Several security and design specialists said yesterday that erecting barriers along the Mall to prevent incidents like this week's siege by a North Carolina farmer would change the character of Washington's monumental core so drastically that residents and political leaders would never accept the idea.

Various Washington landmarks, including the White House, the U.S. Capitol and the Washington Monument, have been ringed with Jersey barriers, bollards and other obstructions in recent years to protect them from bomb-carrying vehicles. But extending that approach to the Mall's vast perimeter is a non-starter, several experts said.

"You can prevent this from happening again [only] by making the Mall a very different place," said Steven Simon, an Arlington-based counterterrorism expert at Rand Corp., a nonprofit public policy institute.

"Right now, from a landscape and architectural perspective, what makes the Mall so appealing is the broad openness of the space. You'd have to construct significant barriers, berms or very stout fencing," Simon said. "Look at people how people viewed the closing of Pennsylvania Avenue [in front of the White House]. It was inhospitable and unsightly. The Mall is our village green. It's a space that we all share, where we all pursue our public and private pleasures."

On Monday, Dwight W. Watson drove his John Deere tractor over a curb on Constitution Avenue NW and into a shallow pond at Constitution Gardens, between the Washington Monument and the Vietnam Veterans Memorial, triggering a 48-hour standoff with police and street closings that snarled traffic throughout downtown Washington and on major commuter routes into the city.

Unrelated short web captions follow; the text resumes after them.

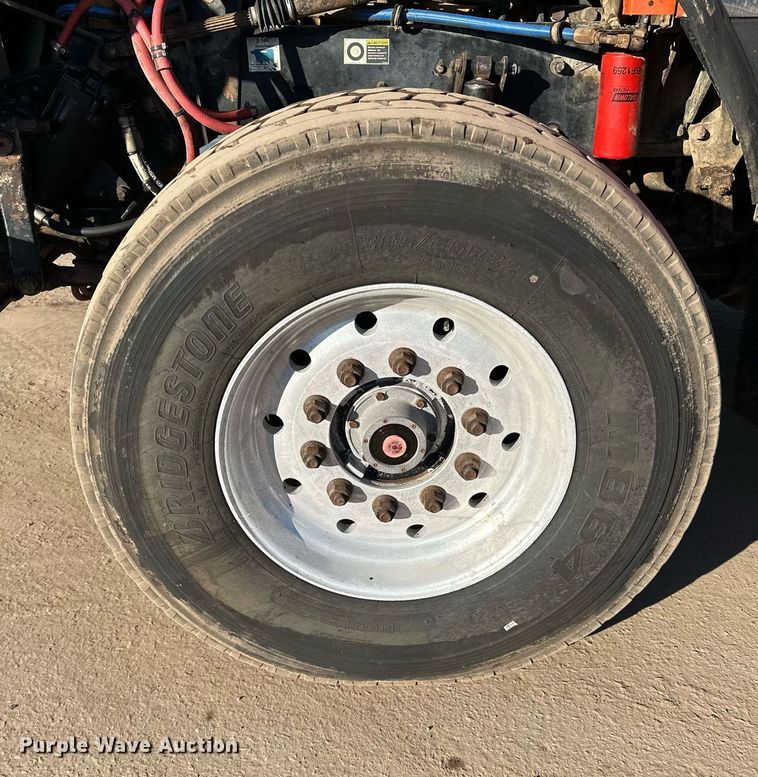 image for item DQ7415 2007 Kenworth  T800 dump truck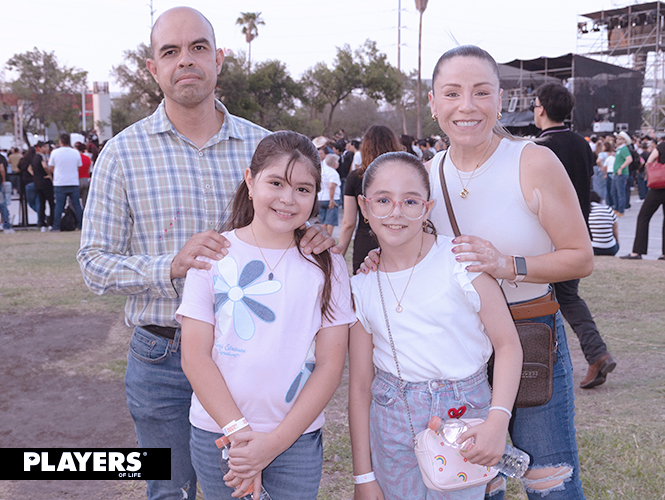 José Esparza, Isa Esparza, Ximena Esparza y Betty Salas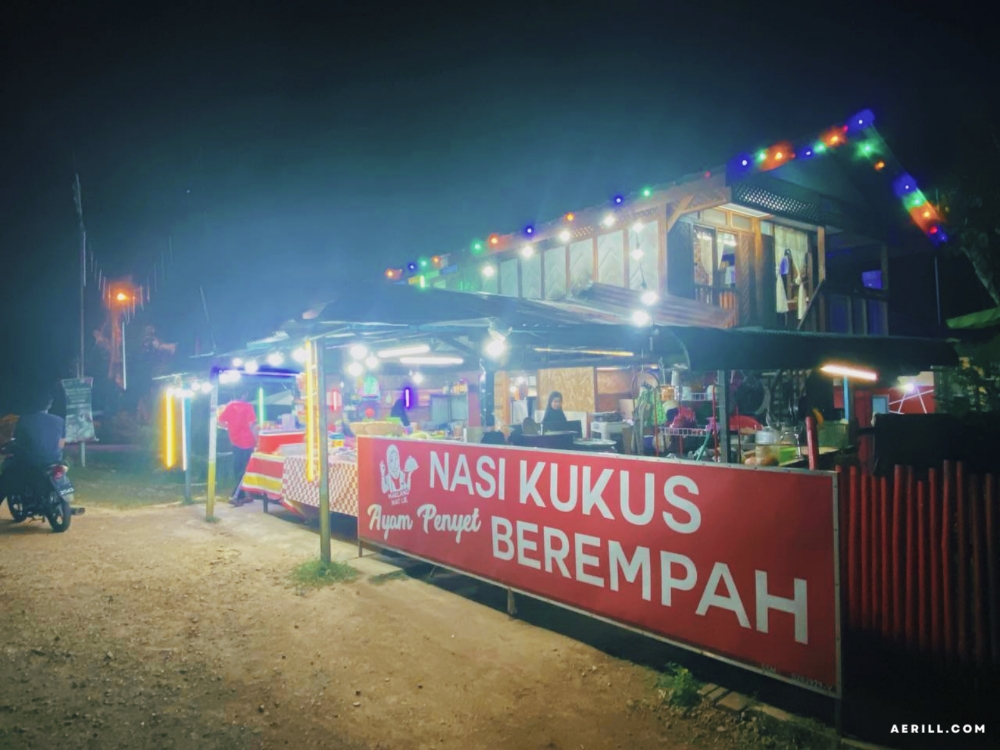 Makan di Nasi Kukus Ayam Penyet Berempah Mak Lang Mat Lie, Baling, Kedah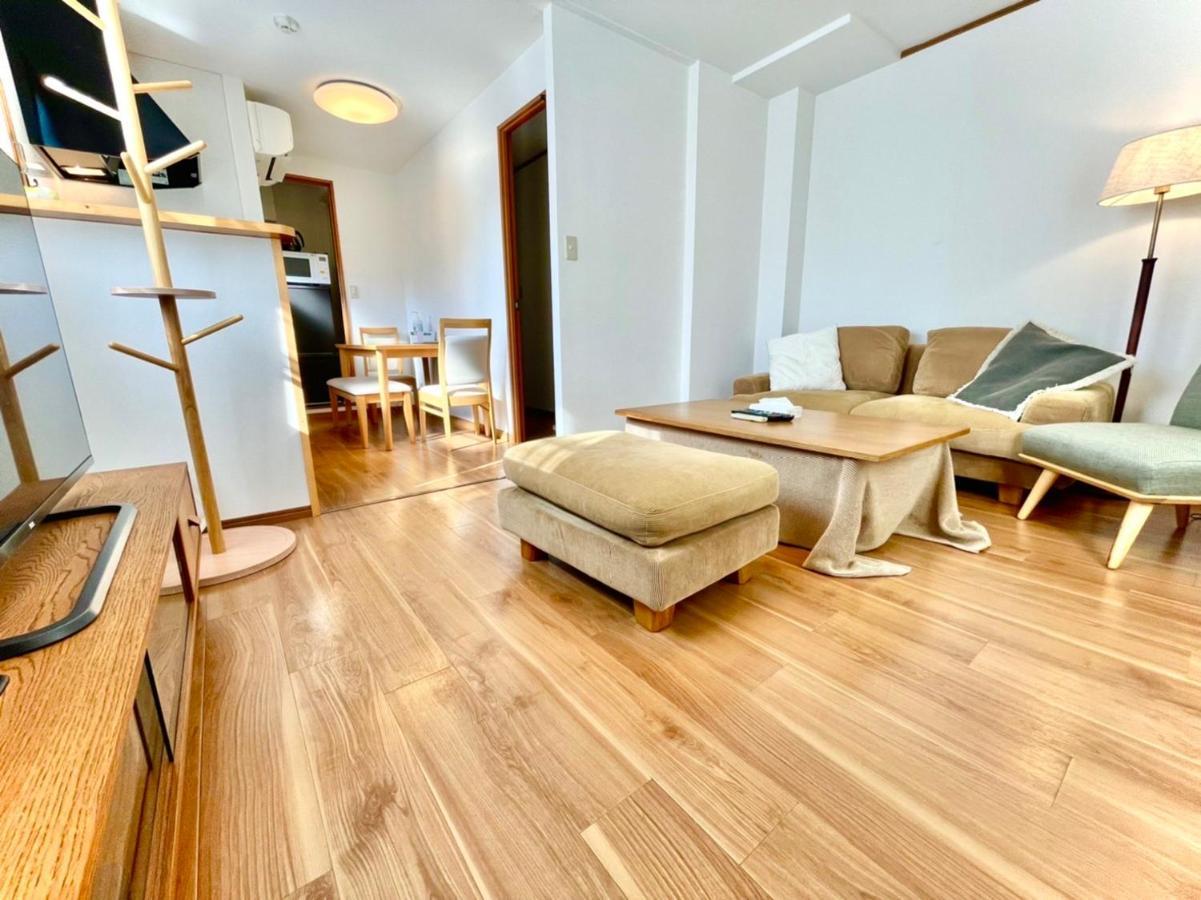 Апартаменты 上落合ハウス Kamiochiai House Токио Экстерьер фото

But trying to protect the 146-acre Mall against other such incursions would be difficult and pointless, said former U.S. Park Police chief Robert Langston.

"Even if it was totally secured, people would just go somewhere else. They can stop right in the middle of the roadway in any downtown street, say they have a bomb, and have the same effect," he said. "I just don't think that in our society, we can prevent everyone from acting like a fool."

Reacting to complaints that many of the anti-terrorist barriers in downtown Washington are unsightly, federal and city planners in the past year have launched an effort to replace them with more visually appealing but equally secure protection. At the Washington Monument, for example, a federal panel has approved preliminary designs for a series of pathways and stone walls no more than 30 inches high to replace the Jersey barriers that surround the obelisk.

Charles H. Atherton, secretary of the U.S. Commission of Fine Arts, one of the panels that reviews proposed design changes on the Mall, said that "the essence of the Mall is freedom of access. And as soon you embark on creating such a space of freedom, you're bound to always invite the abuse of that freedom. I don't see how we can ever preserve that freedom and protect the park from the kind of the attack that it's been subjected to."